MR. SPEAKER - Robert Sutherland (North Essex): Mr. Cinq-Mars, upon what actions, conduct or expressions of the member for North Toronto did you base the statements contained in the article under consideration?

EUGENE CINQ-MARS: Mr. Speaker, my political writing is in no way exceptional as far as the ordinary tone of present-day polemics is concerned. It would be impossible to read the speeches and writings of the hon. gentleman without feeling impressed with the idea that, in his eyes, the French Canadians are the slaves of bishops who keep them in ignorance. It is easy to understand what he means when he compares the bishops of Quebec to the grand dukes of the autocratic Czar of Russia, when he says that they control with their influence the Prime Minister and his colleagues.

I am informed that, during the election campaign of 1896, at a public meeting held in Renfrew, Ontario, Mr. Foster pronounced the following: "Would it not be a disgrace and a shame for this fair Dominion of ours to have at the head of the government a French Canadian and a Catholic at that?" As a member of the Liberal party, I thought it my duty to sharply take up such utterances on the part of a public personage.

RIGHT HON. SIR WILFRID LAURIER - Prime Minister (Quebec East): Mr. Speaker, if my hon. friend (Mr. Foster) will reflect, when his head is on his pillow, upon his career, perhaps he will admit that there was some justification for the article. But I come to a paragraph in these words, "he has but one principle - self interest; but one desire - to insult. He belongs to the school of lying, hypocrisy and cowardice." That passage passes the bounds of reasonable criticism and constitutes a breach of the privileges of this House. The press must understand that, while it is possible and not only possible but fair and within their rights, to criticise the acts of any public man, they must do it in language that is fair and not in language of mere vituperation.

ROBERT BORDEN - Leader of the Opposition (Carleton): You could hardly imagine a greater license than that which this young man permitted to himself in characterizing the utterances of my hon. friend from North Toronto. Nothing could be more truly desired by every hon. gentleman in this House than that the people of this great Dominion, embracing divers races and creeds, should understand that no ill-will or hatred exists against them among those of different race and different creed. The better they understand each other the less cause there will be for any prejudice in the future.

Minutes later, the House passed a motion:

"... that the passage in La Presse newspaper complained of, pass the bounds of reasonable criticism and constitute a breach of privilege of this House."

With that, Cinq-Mars was discharged, without further ado.
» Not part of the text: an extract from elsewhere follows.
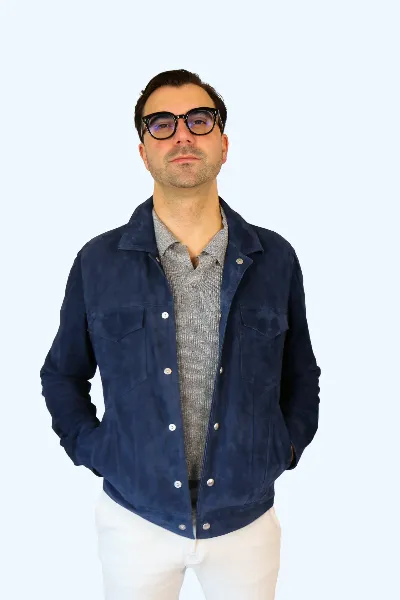 Jacket Rome royal blue suede - IMG 9857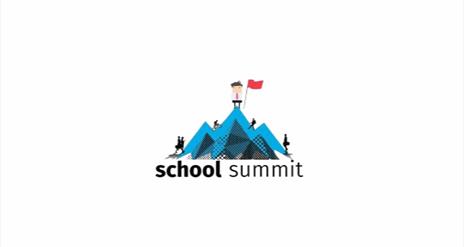 Image shows blue peak with man on top holding a red flag with written text below reading 'School Summit'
Laurier had angered some of his members by allowing the motion to summon a Québec Liberal journalist in defence of the disliked Foster.

But in the days that followed, his Québec backbenchers accepted the exercise as reasonable protection of the dignity of the House.

Cinq-Mars joined the Canadian Army in 1915 and was awarded the French military decoration for heroism, the Croix de Guerre, in 1917.